# Cambalache > Que los cumplas muy feliz >  CleHle

## Pulgas

CleHle

CleHle

CleHle

CleHle

CleHle


¡Que se me olvida!

*FELICIDADES*

----------


## Moss

Me apunto a la celebración.  :Wink1:  Felicidades.

----------


## t.barrie

Felicidades !!!!

----------


## Ming

¡¡¡¡Aarooooonnnnnnnnn!!!!

Felicidades  :Smile1: 


PD. 18, eh ^^

----------


## tofu

Muchas Felicidades.  :Party:

----------


## mnlmato

Heavicidades :D

----------


## Spes

¡Feliz Cumpleaños!!

----------


## luis_bcn

MUCHISSIMAS FELICIDADES TIO.
UN ABRAZO

----------


## Ritxi

*Muchas felicidades!*

----------


## CleHle

Gracias a todos :D!!!!

dentro de poco podre conducir ( legalmente digo )

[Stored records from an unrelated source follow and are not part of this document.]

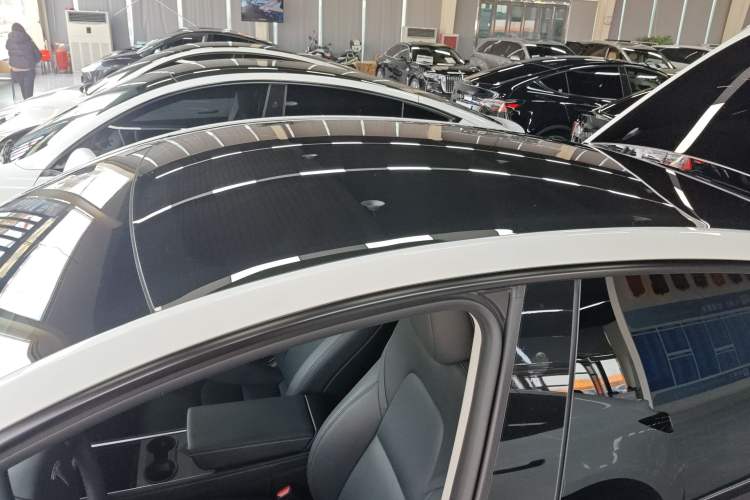 Used Tesla Model Y 2024 Rear-Wheel-Drive Version
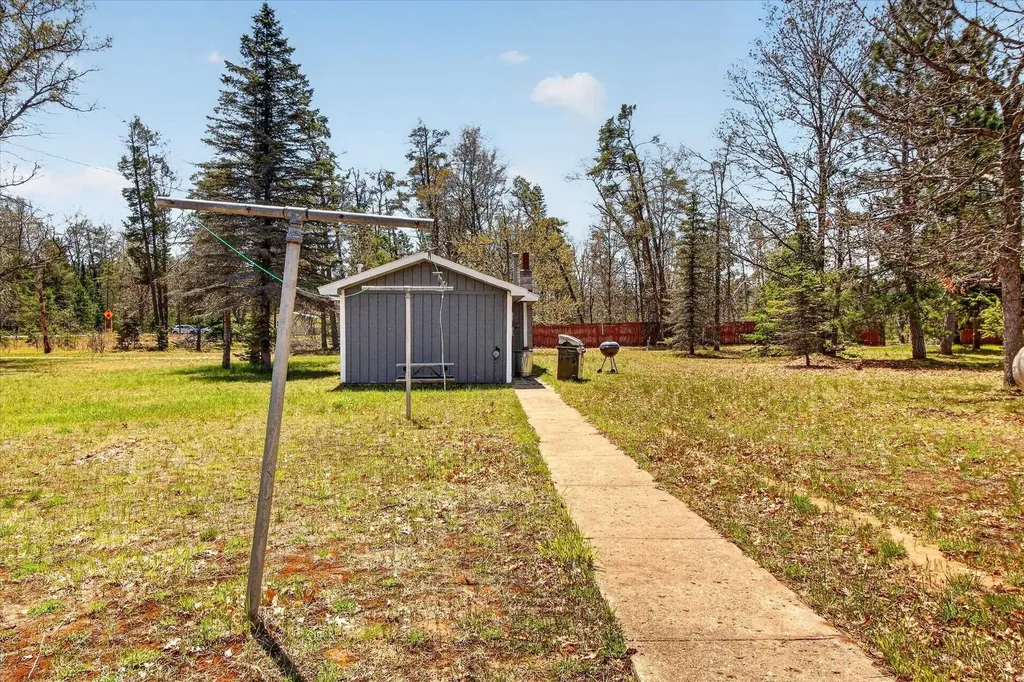 3144 S Wakeley Bridge Road Grayling Charter Township MI 49738
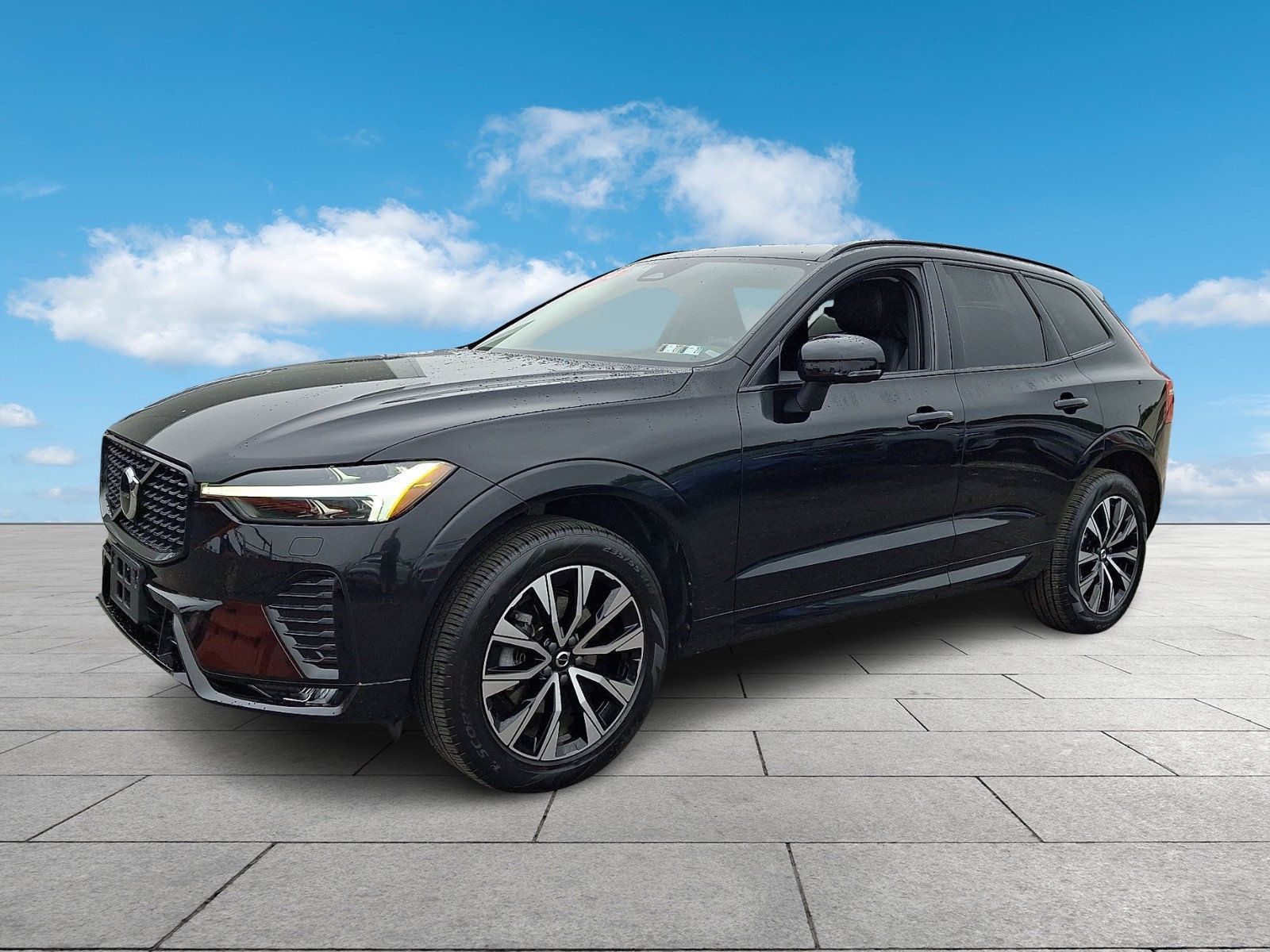 Used 2024 Volvo XC60 B5 Core w/ Protection Package Premier AWD/4WD image 3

y... si me porto mal a la carcel! jajaja

----------


## Inherent

muchas felicidades!

----------


## tofu

> Gracias a todos :D!!!!
> 
> dentro de poco podre conducir ( legalmente digo )
> 
> y... si me porto mal a la carcel! jajaja


O como decía Manolo Kabezabolo: "Tengo dieciocho y en el bingo puedo entrar, las próximas elecciones yo también podré votar, si me meto en lios, al talego me meterán, tengo dieciocho, que felicidad..." :Boulay:

----------


## Jaime.17

Felicidades ! Y que cumplas muchos más...

----------


## CleHle

Gracias a todos :D

haber si alguno se viene a vitoria la semana que viene.. jaja

----------


## Iban

Felicidades atrasadas, gorrino.

Uy, no te ofendas, pichoncito... : - p

----------


## CleHle

> Felicidades atrasadas, gorrino.
> 
> Uy, no te ofendas, pichoncito... : - p


tu tienes que decir lo mismo que te dije yo ati:

Somos vascos, y los vascos nos felicitamos cuando queremos  :Wink1: 

Eskerrik asko tron

----------